Originally published by Commonwealth Bank of Australia
“It's easy if you try. No hell below us. Above us only sky.”
Global interest rates are higher, but not a lot higher. Central banks are becoming more comfortable with the economic outlook. And some central banks are taking steps to reduce the extraordinary stimulus in the system. The Fed have all the pieces in place to start allowing their $4.5trn balance sheet to slowly, predictably, and gradually run off from September. And the Fed will most likely hike again this year. If they do, the (upper bound of) the Fed funds target rate will equal the RBA cash rate for the first time in 17 years. The path of Fed rate hikes will grind to a halt around 1.75‑to‑2.0%, however. The path to normality is shorter than most FOMC members realise. And the move to an actual tightening bias (pushing beyond neutral) is not yet imagined.

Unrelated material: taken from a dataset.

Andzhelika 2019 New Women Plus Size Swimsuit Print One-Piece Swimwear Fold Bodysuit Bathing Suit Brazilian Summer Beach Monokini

The BoC removed 25bps of “emergency” stimulus last week. And they are likely to remove another 25bps before too long. But a continued tightening cycle is a stretch of the imagination. We expect a BoC pause at 1.0% until the second half of 2018. The BoE have joined the fray, turning up the tightening rhetoric. We may get a hike (or two) out of the BoE. But with Brexit looming large, any hike(s) will be well considered, and given to cut in an ugly negotiation down the road. The BoE also have a balance sheet to unwind. It’s hard to imagine normalising policy ahead of the Brexit breakup.
The ECB has also stepped up “normalisation” rhetoric. But they have to stop easing first. The ECB are likely to start reducing purchases (QE) in September, with a completion of QE likely mid‑2018. Again, rate hikes or an unwind in the balance sheet, are not yet figments in their imaginations. The ECB are merely trying to stop buying, before they own too much. At current pace, the ECB will bump up against self‑imposed ownership restrictions in German bunds in less than a year.
In Australia and New Zealand, there is no need to blindly following the pack. The rise in global confidence is great for the Antipodean outlook. But until inflation poses a real threat to the higher side, then we have time on our side. For once, other central banks could do some of the work for us. The more they unwind stimulus, the more our interest rate curves will steepen. The more our interest rate differentials narrow, the more their currencies (should) strengthen relative to ours. The more our currencies’ ease, eventually, the more our tradables inflation lifts, and the more attractive our exports become. A shift to a tightening bias will lift Antipodean currencies even further. Local data out this week will support both the RBA and RBNZ sitting still, to wait and see.